Panchita, Panchita… un corazón pequeñito que me subyugó desde el mismo momento de su nacimiento. Increíblemente es muy diferente a su hermosa y eso es lo bonito que tiene su personalidad pues le da una variedad única a mis dos mis hermosas hijas.Para comenzar debo decir que con una tierna mirada hacía que mi corazón se derritiera, con su precoz coquetería que hacía que su padre se derritiera por ella a pesar de sus cortísimos años.Mi pequeña Panchita sabía como ganar mi ánimo a pesar que tenía un rasgo de la personalidad que reconozco como muy mío: la espontaneidad, el querer tener las cosas ahora ya.Panchita, tan linda ella.

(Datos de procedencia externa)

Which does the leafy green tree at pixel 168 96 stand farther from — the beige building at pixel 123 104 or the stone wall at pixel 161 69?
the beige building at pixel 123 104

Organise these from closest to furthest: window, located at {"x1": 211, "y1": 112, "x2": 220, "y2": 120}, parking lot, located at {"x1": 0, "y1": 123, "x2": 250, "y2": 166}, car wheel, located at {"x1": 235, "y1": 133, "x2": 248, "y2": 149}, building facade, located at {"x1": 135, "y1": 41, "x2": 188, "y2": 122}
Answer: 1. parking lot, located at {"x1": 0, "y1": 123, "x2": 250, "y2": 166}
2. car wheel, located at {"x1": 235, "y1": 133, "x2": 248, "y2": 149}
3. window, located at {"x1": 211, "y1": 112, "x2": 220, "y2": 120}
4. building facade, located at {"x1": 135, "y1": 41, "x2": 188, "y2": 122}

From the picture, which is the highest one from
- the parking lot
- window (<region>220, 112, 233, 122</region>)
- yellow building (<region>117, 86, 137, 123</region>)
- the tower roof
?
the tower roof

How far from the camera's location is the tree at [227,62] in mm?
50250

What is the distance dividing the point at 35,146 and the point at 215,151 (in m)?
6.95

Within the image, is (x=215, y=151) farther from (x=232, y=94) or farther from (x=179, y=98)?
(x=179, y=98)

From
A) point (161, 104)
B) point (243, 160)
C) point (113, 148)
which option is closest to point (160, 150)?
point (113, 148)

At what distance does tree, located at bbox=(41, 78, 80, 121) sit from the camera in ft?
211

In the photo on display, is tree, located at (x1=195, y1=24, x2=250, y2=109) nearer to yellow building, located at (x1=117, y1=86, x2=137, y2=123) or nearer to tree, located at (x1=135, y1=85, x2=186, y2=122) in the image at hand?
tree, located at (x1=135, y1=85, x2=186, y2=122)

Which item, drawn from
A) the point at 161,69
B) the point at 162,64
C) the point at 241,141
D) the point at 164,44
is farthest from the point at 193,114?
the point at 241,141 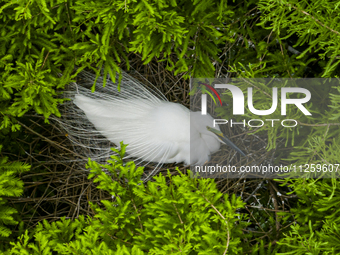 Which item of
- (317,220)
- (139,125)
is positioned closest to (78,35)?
(139,125)

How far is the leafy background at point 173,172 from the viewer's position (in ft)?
2.65

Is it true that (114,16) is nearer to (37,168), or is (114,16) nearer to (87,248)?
(87,248)

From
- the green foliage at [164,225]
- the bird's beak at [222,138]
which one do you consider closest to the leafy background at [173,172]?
the green foliage at [164,225]

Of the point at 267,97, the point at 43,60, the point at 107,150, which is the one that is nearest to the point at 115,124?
the point at 107,150

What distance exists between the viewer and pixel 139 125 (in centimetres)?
140

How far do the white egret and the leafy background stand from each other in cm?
15

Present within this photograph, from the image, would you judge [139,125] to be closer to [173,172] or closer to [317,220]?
[173,172]

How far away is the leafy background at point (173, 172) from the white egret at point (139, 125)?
15 cm

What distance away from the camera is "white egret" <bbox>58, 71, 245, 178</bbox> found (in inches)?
53.1

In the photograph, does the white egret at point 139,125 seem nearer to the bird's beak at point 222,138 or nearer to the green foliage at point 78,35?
the bird's beak at point 222,138

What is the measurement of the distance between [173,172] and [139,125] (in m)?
0.34

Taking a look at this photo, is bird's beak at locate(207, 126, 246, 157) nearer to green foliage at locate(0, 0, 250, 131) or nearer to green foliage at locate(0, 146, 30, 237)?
green foliage at locate(0, 0, 250, 131)

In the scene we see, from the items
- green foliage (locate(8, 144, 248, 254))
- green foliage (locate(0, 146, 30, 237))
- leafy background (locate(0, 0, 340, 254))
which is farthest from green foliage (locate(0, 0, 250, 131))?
green foliage (locate(8, 144, 248, 254))

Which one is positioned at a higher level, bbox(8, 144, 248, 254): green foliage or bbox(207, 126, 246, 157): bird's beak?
bbox(207, 126, 246, 157): bird's beak
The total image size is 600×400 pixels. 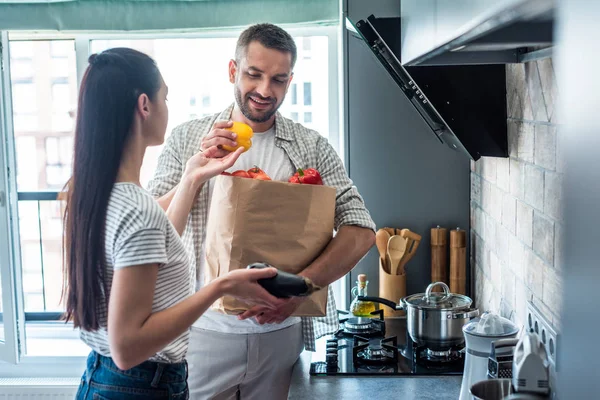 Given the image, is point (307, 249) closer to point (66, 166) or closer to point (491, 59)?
point (491, 59)

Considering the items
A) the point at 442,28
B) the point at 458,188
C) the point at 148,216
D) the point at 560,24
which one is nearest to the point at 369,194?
the point at 458,188

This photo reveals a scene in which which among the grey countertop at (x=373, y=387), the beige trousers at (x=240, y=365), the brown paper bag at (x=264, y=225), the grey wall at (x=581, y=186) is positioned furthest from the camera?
the beige trousers at (x=240, y=365)

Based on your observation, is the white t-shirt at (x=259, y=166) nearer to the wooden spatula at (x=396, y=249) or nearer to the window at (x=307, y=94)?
the wooden spatula at (x=396, y=249)

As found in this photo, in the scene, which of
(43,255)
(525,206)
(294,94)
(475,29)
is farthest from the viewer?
(43,255)

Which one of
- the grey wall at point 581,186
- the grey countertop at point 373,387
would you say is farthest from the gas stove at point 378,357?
the grey wall at point 581,186

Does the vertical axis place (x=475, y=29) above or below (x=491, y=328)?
above

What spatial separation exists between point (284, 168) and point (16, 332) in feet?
6.03

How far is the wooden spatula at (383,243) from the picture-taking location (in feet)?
8.16

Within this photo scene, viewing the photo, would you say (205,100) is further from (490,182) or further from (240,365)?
(240,365)

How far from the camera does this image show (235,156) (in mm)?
1589

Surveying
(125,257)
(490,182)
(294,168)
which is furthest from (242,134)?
(490,182)

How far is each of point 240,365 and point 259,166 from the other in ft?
1.74

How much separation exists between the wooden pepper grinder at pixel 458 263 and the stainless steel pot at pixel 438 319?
1.81 ft

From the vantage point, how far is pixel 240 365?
5.79ft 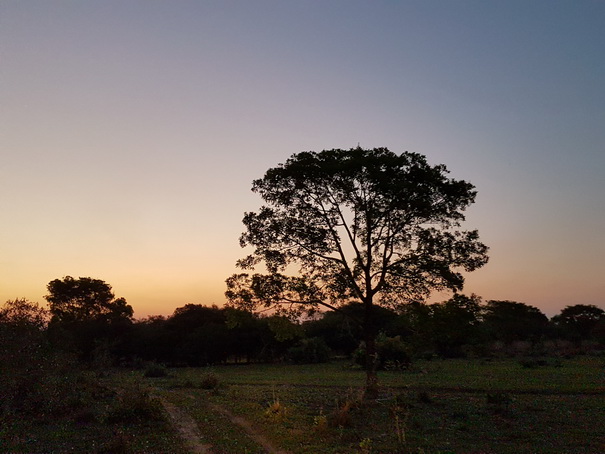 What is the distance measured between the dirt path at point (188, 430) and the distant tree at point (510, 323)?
71184mm

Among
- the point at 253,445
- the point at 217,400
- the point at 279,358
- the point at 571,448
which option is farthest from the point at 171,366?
the point at 571,448

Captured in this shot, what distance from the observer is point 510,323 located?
311 feet

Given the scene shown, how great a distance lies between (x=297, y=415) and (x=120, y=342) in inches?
2269

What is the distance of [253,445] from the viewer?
1414 cm

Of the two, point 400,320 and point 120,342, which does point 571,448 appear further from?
point 120,342

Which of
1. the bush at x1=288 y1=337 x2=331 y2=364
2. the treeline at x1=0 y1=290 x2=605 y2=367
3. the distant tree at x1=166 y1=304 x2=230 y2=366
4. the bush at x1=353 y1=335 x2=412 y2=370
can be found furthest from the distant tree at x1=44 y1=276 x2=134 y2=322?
the bush at x1=353 y1=335 x2=412 y2=370

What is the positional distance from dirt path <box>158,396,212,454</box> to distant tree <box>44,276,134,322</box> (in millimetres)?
77668

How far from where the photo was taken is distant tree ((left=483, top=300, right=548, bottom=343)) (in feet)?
286

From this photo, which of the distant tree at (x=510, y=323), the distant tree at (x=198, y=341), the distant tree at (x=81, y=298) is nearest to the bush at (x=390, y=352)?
the distant tree at (x=198, y=341)

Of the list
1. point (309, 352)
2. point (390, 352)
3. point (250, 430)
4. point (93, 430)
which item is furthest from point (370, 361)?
point (309, 352)

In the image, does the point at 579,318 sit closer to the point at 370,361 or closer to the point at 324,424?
the point at 370,361

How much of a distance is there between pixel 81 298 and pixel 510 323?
9122 cm

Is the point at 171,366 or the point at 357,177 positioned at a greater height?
the point at 357,177

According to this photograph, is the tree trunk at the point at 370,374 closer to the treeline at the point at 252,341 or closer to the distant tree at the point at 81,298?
the treeline at the point at 252,341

Dos luciérnagas en la memoria

Pensando en mis hijas, siempre pensando en mis hijas he llegado a la conclusión de que el amor que ellas me inspiran es debido en gran medida a la memoria, al recuerdo que guardo sobre ellas. Lamentablemente la vida se ha encargado de que esas imágenes tan hermosas que guardo en mi cerebro no vivan de la misma manera en las mentes de cada una de ellas. Por tanto, he decidido plasmar cada uno de mis recuerdos en pequeñas reseñas que obren el milagro de revivir mi amor de padre en el corazón de ellas.